He frowned, shifting awkwardly. "I just thought we could share the bill and scold them tomorrow, but if you want to be emotional–," he began before I cut him off.

My eyes widened. "Oh, you're right. Stupid 'emotional Sakura.' Forget about it. I've got the whole check,' I said, pulling out more ryo as I spoke.

Sasuke also stood up, "Sakura hold on. For god's sake that's not what I meant," he spat, following me out of the restaurant.

There it is again. Talking to me like I'm a toddler that needs to be coaxed. We were in a fairly empty street now as he continued to trail after me.

I whipped around and glared at him, stopping mid-step. "Stop being so fucking condescending when you talk to me!" I shouted, marching towards him and shoving a finger in his face.

He didn't like being told what to do. I know that. But it still slightly surprised me when he glanced at me and was livid. He grabbed my wrist and shoved my hand away. "Then quit having a tantrum before taking a moment to let someone elaborate on what they're trying to say," he sneered, leaning in angrily.

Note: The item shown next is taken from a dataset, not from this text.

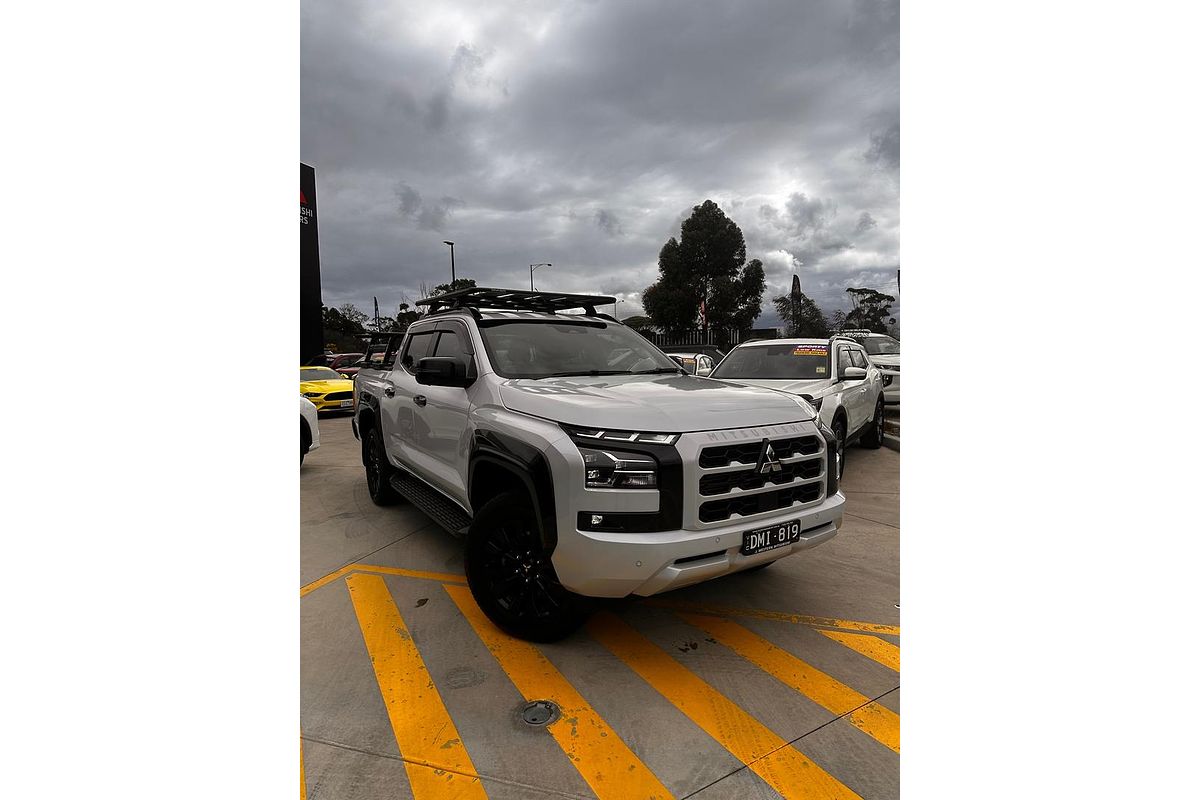 2024 Mitsubishi Triton GSR MV 4X4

I pushed his chest with my two hands and he almost stumbled backward. "Oh, you're one to talk about temper tantrums, Sasuke Uchiha," I spat, tears welling up despite my pride begging me not to cry amid a fight with this damned man.

Sasuke groaned and wiped his face. "What is your issue lately?"

Is he trying to be an ass? "My issue? You want to know what my issue is, Sasuke?" I said, implying impatience.

He gaped at me. "Yes. For fucks sake tell me what in hell your issue is."

I couldn't help it. A tear slid down before I could hold it in. I sniffed aggressively. "Is it so damn hard to even imagine me as an option?" I spat, striding forward and glaring up at him.

Sasuke seemed to be taken aback by my outburst. His eyebrows drew together and he just faintly stumbled. "What?"

I breathed in slowly to gather composure. "I said, is it so damn hard to consider me, to imagine me as an option?" I asked again, slowly.

Sasuke gulped and peered down skeptically at me. "I don't know what you mean-,"

"Bullshit!" I yelled, finally grasping a full reaction from the stoic peace of shit. His mouth clamped shut and he stilled. "You're not dumb Uchiha, you know exactly what I mean."

He scoffed and crossed his arms. "I'm going to need you to elaborate, Sakura," he drawled on, eyeing me.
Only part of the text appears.